Deputy Director of the State Tobacco Monopoly Administration
- In office April 2020 – 12 October 2025

Personal details
- Born: October 1966 (age 59)
- Party: Chinese Communist Party (expelled in 2026)

= Han Zhanwu =

Chinese politician (born 1966)

Han Zhanwu (韩占武; born October 1966) is a former Chinese politician, who served as the deputy director of the State Tobacco Monopoly Administration from 2020 to 2025.

==Career==
Han was appointed as the deputy director of the personnel department of the State Development Planning Commission, Division of Affiliated Units in 2000, and he was moved to general affairs department in 2006. In 2008, he was moved to the personnel and education department of the Ministry of Industry and Information Technology.

In 2010, Han was appointed as the director of China Machinery and Equipment Bidding Center. He returned to the personnel and education department of the MIIT in 2016, as a director. In 2019, Han was appointed as the director of the general office and deputy secretary of the Party Committee of the MIIT.
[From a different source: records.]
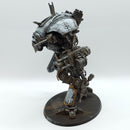 Warhammer 40k: Imperial Knights Knight Destrier (BF034)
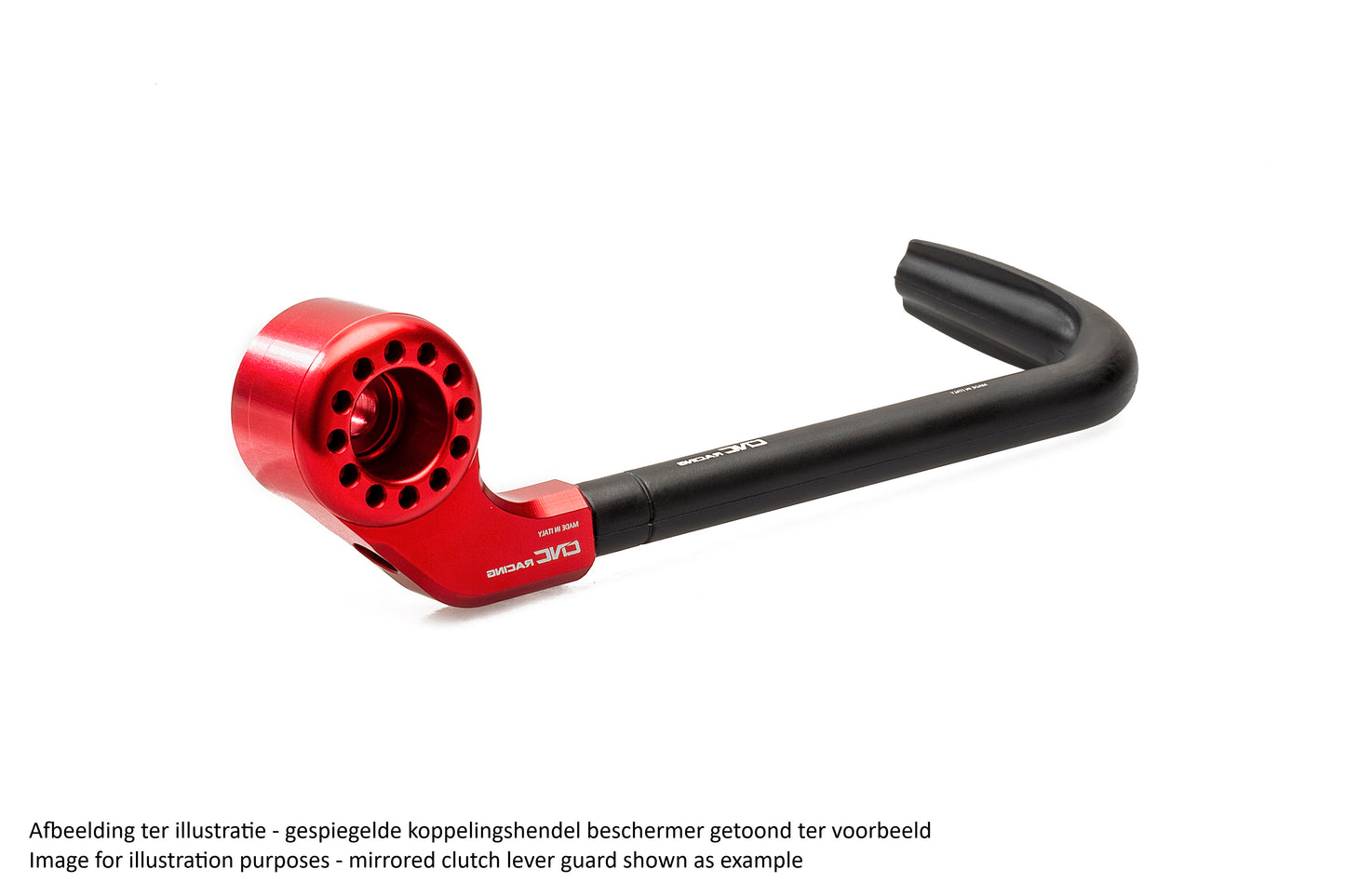 REM Handle Protector CNC Racing Universal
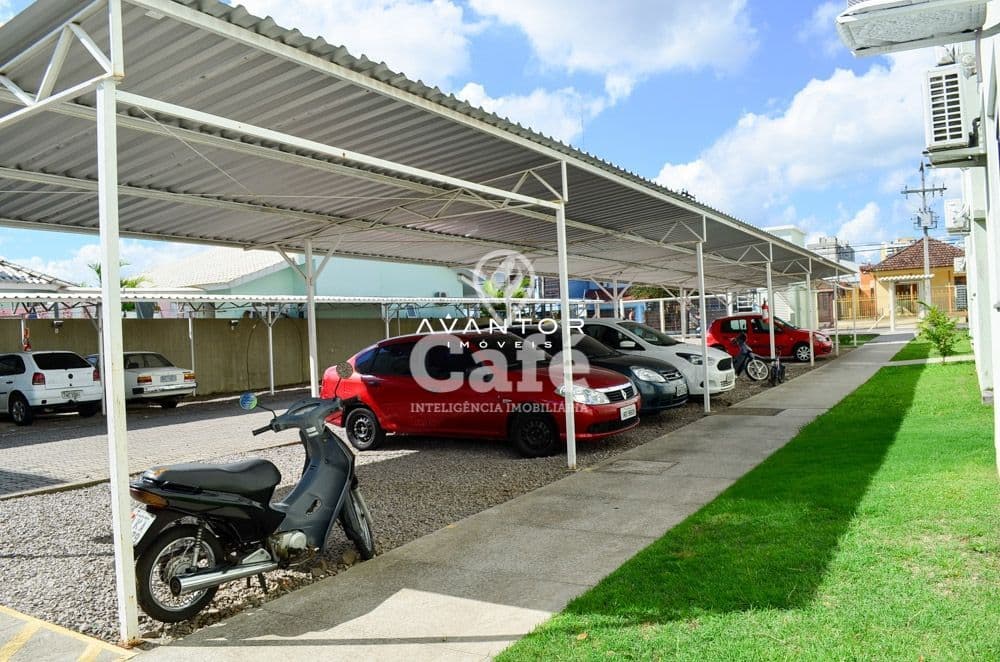 Apartamento com 2 quartos à venda no Residencial Plátanos, em Patronato, Santa Maria/RS — foto 2 de 11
In April 2020, Han was appointed as the deputy director of the State Tobacco Monopoly Administration.

==Investigation==
On 12 October 2025, Han was put under investigation for alleged "serious violations of discipline and laws" by the Central Commission for Discipline Inspection (CCDI), the party's internal disciplinary body, and the National Supervisory Commission, the highest anti-corruption agency of China. Han was expelled from the party and dismissed from the public offices on 13 April 2026.